Sheriff's plan would slash AP's policing costs
Marc Valero | Highlands TodayAVON PARK - Based on big cost savings, City Manager Julian Deleon said "serious consideration" will be given to Highlands County Sheriff Susan Benton's proposal to provide law enforcement services for the city.
Published: June 28, 2012
Published: June 28, 2012
On June 11, the Avon Park City Council voted 3-2 to ask the sheriff's office to make a proposal to provide the city with law enforcement.
Councilman Paul Miller and Council President Sharon Schuler cast the dissenting votes.
In a June 26 letter to the council, Benton proposed a total annual cost of $983,280 for law enforcement services for the city.
The city's proposed budget for 2013 includes about $2 million to operate the Avon Park Police Department, which includes one new police vehicle and some minor facility improvements, Deleon noted in a press release responding to Benton's proposal.
These steep differences in costs for services are primarily attributed to differing operating models between the sheriff's office and the Avon Park police operations, he said. The sheriff's office has an existing administrative infrastructure of operations and supervision to absorb these additional responsibilities.
Deleon has scheduled meetings to visit the municipalities of Frostproof, Eagle Lake, Dundee and Fort Meade to receive feedback from other local administrators and elected officials regarding their experience in contracting of services with the Polk County Sheriff's Office.
"Where possible, I have invited individual council members to attend these meetings for informational purposes," Deleon said. "We want to hear the good and the bad."
Benton proposes a reorganization of the sheriff's office and the creation of a north and south division with the north division based at Avon Park's current police department building.
"We would provide command presence by assigning a north division captain who would also act as liaison with the city manager," Benton noted.
Benton proposes 16 new law enforcement positions including: 10 patrol deputies, two school resource deputies, three detectives and one crime scene detective.
Avon Park currently employs 22 sworn officers.
Benton noted that members of the Avon Park Police Department will be given first opportunity to become a member of the sheriff's office.
Deleon said although there are some steep savings between the two proposals, the city will continue with legacy pension obligations. These obligations will be presented at a planned special council meeting at 5 p.m., July 11.

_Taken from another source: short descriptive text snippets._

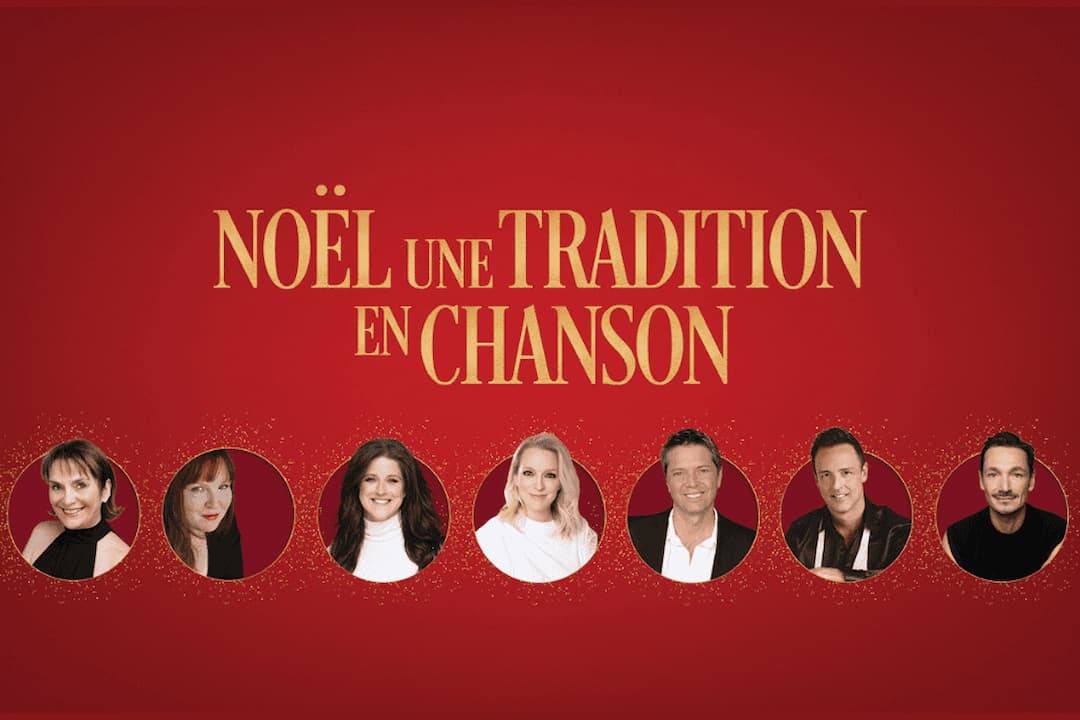 Noël une tradition en chanson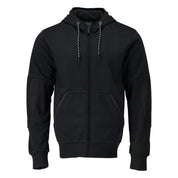 mascot kapuzensweatshirt mit winddichter membran 22386-365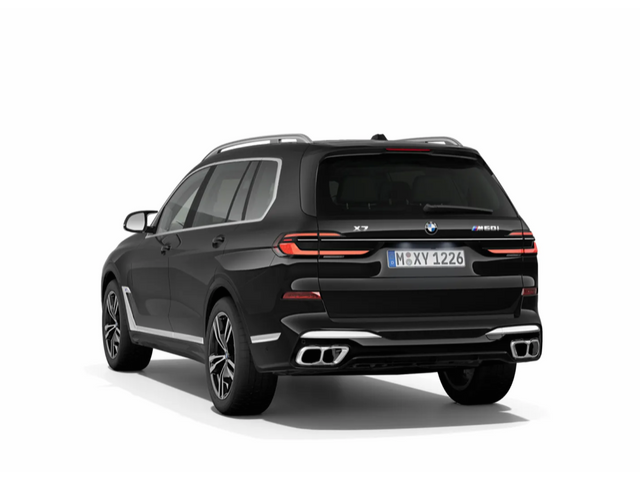 Libro Azul BMW X7 2026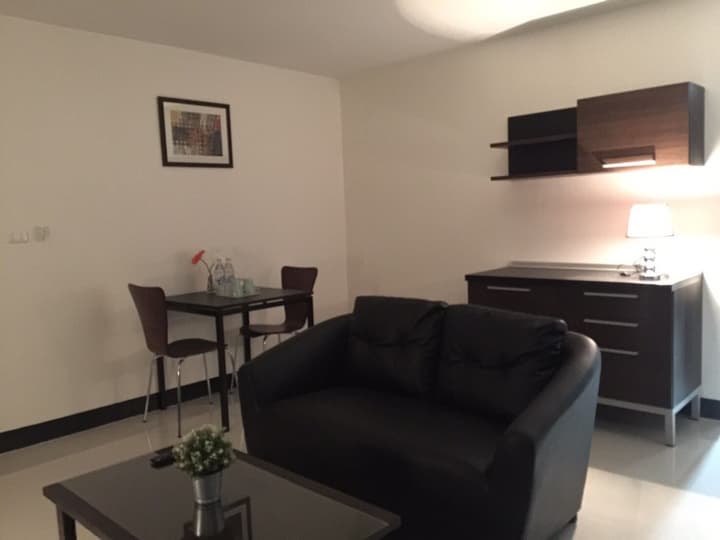 Studio Residence Sukhumvit 71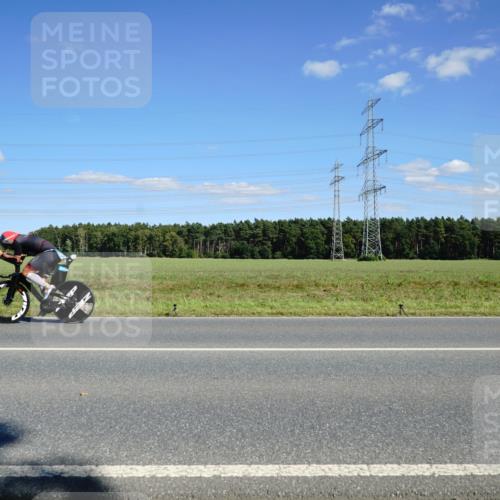 07.09.2025 - 19. Norderstedt Triathlon Michael Burmester http://msf.ph/oto/8846551 07.09.2025 15:13:03 Radfahren  meine-sportfotos.de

"I have invited the city's pension board of trustees to this planned council meeting for a presentation from the Florida League of Cities to provide a proposal for the administration of the city's pension systems," he said. "The proposal from the League could provide a 'turnkey' solution and immediate savings when compared to our current administrative fees paid to manage the plans."
Benton said, she feels strongly that this proposal is a win-win for all residents, both the city and the county, but particularly for Avon Park's police officers.
Your officers will have much more opportunity for diverse training and experience and the ability to compete for promotion and request transfers to other division or units within the sheriff's office, she said.
Miller said he is waiting to get all the facts until he makes a decision.
"Right now it's all hearsay and a lot of static going around town and a lot of truths and untruths," he said. "I am just going to wait and get it all together and then I will make up my mind."
Councilwoman Brenda Gray said she was going to meet Thursday afternoon with Benton.
"I haven't seen the proposal; I have only heard about it," she said.
Councilman Parke Sutherland also said he had not yet reviewed the proposal, but he plans to meet with Benton to discuss it.